Mezquita en la medina de Marrakech, Marruecos

Me viene al recuerdo una noche silenciosa, vacía, solitaria, a las puertas del desierto de Merzouga. Me desperté súbitamente en la madrugada y sentada en la cama fui consciente de esa quietud, una quietud que asustaba, mientras el lamento de un minarete me encogía el corazón. La oración, otra vez. Por primera vez, fui consciente de la paz que ofrecía, de la llamada al recogimiento y la obligación de estar agradecidos. La llamada a la oración también me la llevé en la maleta de los recuerdos.

Despúes de atravesar 564 km del Gran Atlas, kasbah rojas, decorados de cine y tormentas de arena llegó la recompensa

Aprendiendo a dar gracias

Si decides viajar a Marruecos, debes incluir Erg Chebbi como parada obligatoria en tu viaje. Es el único lugar en el que se pueden disfrutar las dunas, cerca de la frontera con Argelia. Después de atravesar 564 km del Gran Atlas en un autobús Alsa sin cinturones de seguridad, 12 horas de kasbah rojas, decorados de cine, tormentas de arena y dolor de todo, llegó la recompensa. Una luna creciente nos da la bienvenida. Un camello sigue las instrucciones de alguien que nos cuenta cómo se guía por las formas cambiantes de las dunas, y no por las estrellas como cabría esperar. Una suculenta cena, simple pero deliciosa, y una arena sin fin que no me desveló sus secretos hasta el alba. Cinco personas, un fuego que no aguantó mucho y una conversación a medio camino entre todas las lenguas. Ahora sí, empiezo a sentir Marruecos.

Desierto de Erg Chebbi, Marruecos

Gracias a Ali, Said y su familia por grabarme en el alma uno de los momentos más mágicos del viaje, además del perfecto amanecer que se nos brindó en exclusiva. Estábamos solos ante el sol y su desierto, sin nada ni nadie más en la Tierra.

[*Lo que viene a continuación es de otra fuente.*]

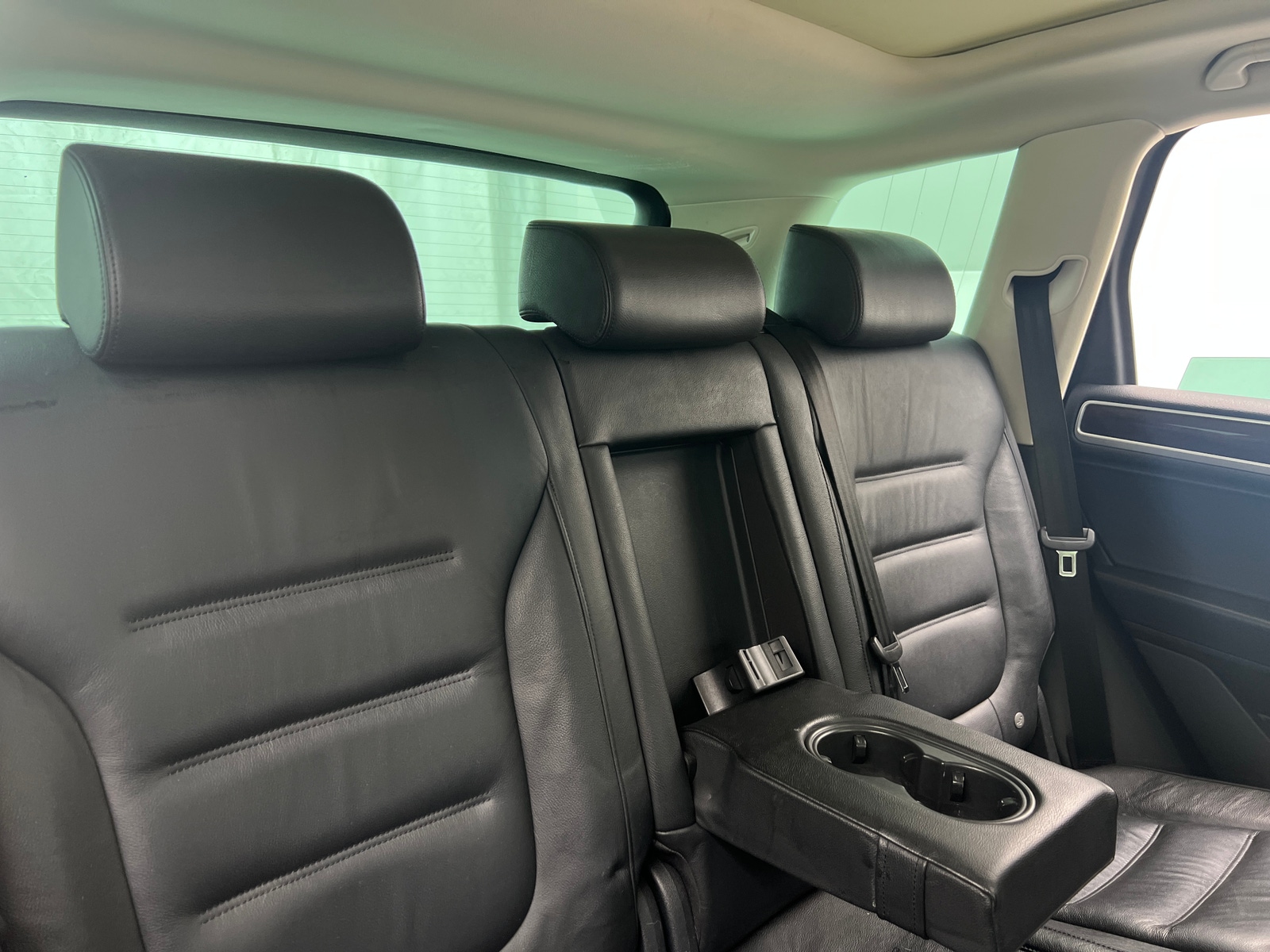 Thumbnail: 2016 Volkswagen Touareg - 6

Viajar a Marruecos también es una abuela arrugada frente a un telar, en el patio de una casa de adobe en Hassilabied, o Pozo blanco, aquel pueblito humilde con nombre cordobés, qué gracia. Viajar a Marruecos es una madre que sale a recibirme con un regalo, aún sin conocerme, y que después nos cocinará el mejor couscous que haya probado nunca, plato principal de la gastronomía marroquí. Y una hermana que dedica su tiempo a decorarme las manos con henna. Sólo llego a hacerle entender mi agradecimiento porque el resto de la conversación no es más que una secuencia de sonrisas tímidas. Allí también aprendo a dar gracias, por recibir tanto.

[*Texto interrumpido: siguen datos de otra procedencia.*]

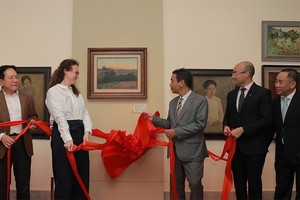 接收咸宜皇帝画作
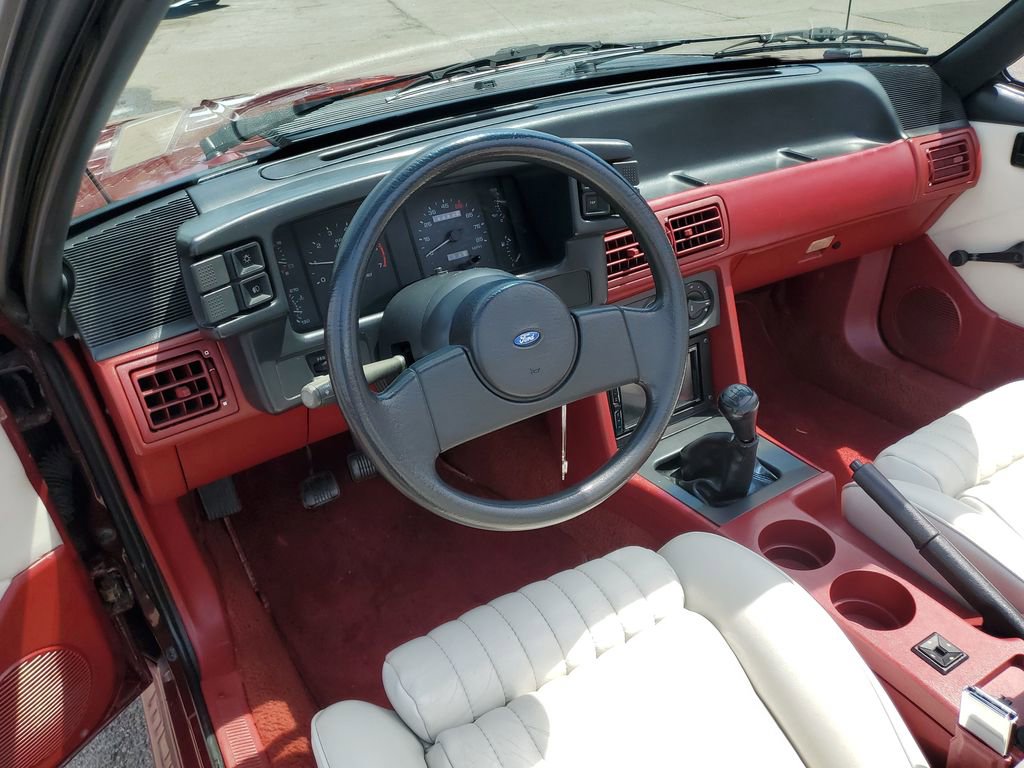 Used 1988 Ford Mustang GT RWD image 21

Una tierra tan cercana y lejana

Así recordaré mi viaje a Marruecos, una tierra tan cercana y lejana a la mía, de gentes semejantes si no fuera por los años que nos distancian. Como una casa antigua cuyo olor a menta me resulta familiar, quizás porque en algún momento ya estuve allí o porque su dueño era de aquí. Segura estoy de que nos volveremos a ver, Alhamdulillah.